22 November 2006 - 19:02Issues with legacy systems
It is possible that a legacy system on its way to being decommisioned will try to push legacy behavior to a new system. One example could be a new tax services that has to get input from an old system handling commodity trades. The new tax system has its interface for communicating with the outside world, but the old commodity service is sending tax information using its proprietary format. More than that, the commodity system requires some behavior to be implemented on the system it communicates with: the old “if the 4-th char in the message is a ‘C’ then do this, else do that”. It is pretty clear that this is pretty bad, after all you are trying to scrap the “if the 4-th char …” and replace it with a new set of rules that will be relevant for as long as possible. *
There are a few ways to deal with this type of requests. The first thing to do is to refuse outright trying to deal with this legacy behavior, after all in 5, 10 years the new system will have plenty of legacy behavior on its own. Pushing forward legacy behavior is not a good strategy either, you are basically putting more work at each new wave of system renewal.

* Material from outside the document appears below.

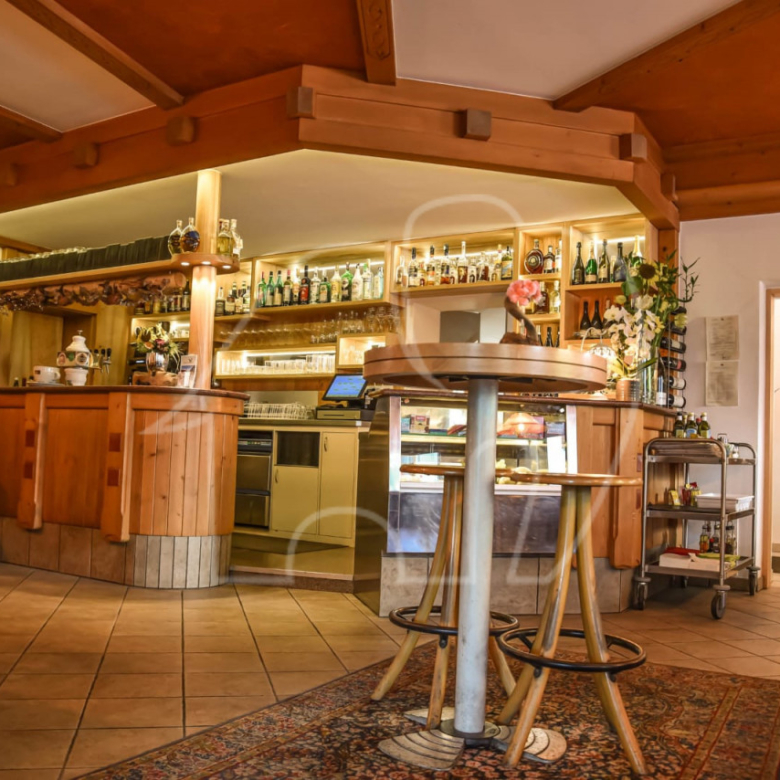 Gasthaus mit 7 Gastzimmer und Privatwohnung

Sometimes this is not possible, for example, it is possible that no development is done on the old system within a reasonable time-frame.
One way to interact with this system is to isolate the legacy behavior that will get discarded away from the core of the applications and make it available to this system in some form or another. Abstraction would help very well in this regard, if the business process your application is implementing is well abstracted then you could create a customized implementation that contains the legacy behavior, implementation which could be discarded when the legacy system gets decommissioned for real. If you are working in a flow-based environment you could create a partition of your engine dedicated to legacy workflows and code your legacy behavior in a workflow deployed in this partition. Customized communication channels which talk to the legacy system pushing legacy behavior onto you should help as well for isolating behavior that is prone to become obsolete.
*On a side note: decommissioning a system should actually be the side effect of decommissioning a set of business rules (and not vice-versa).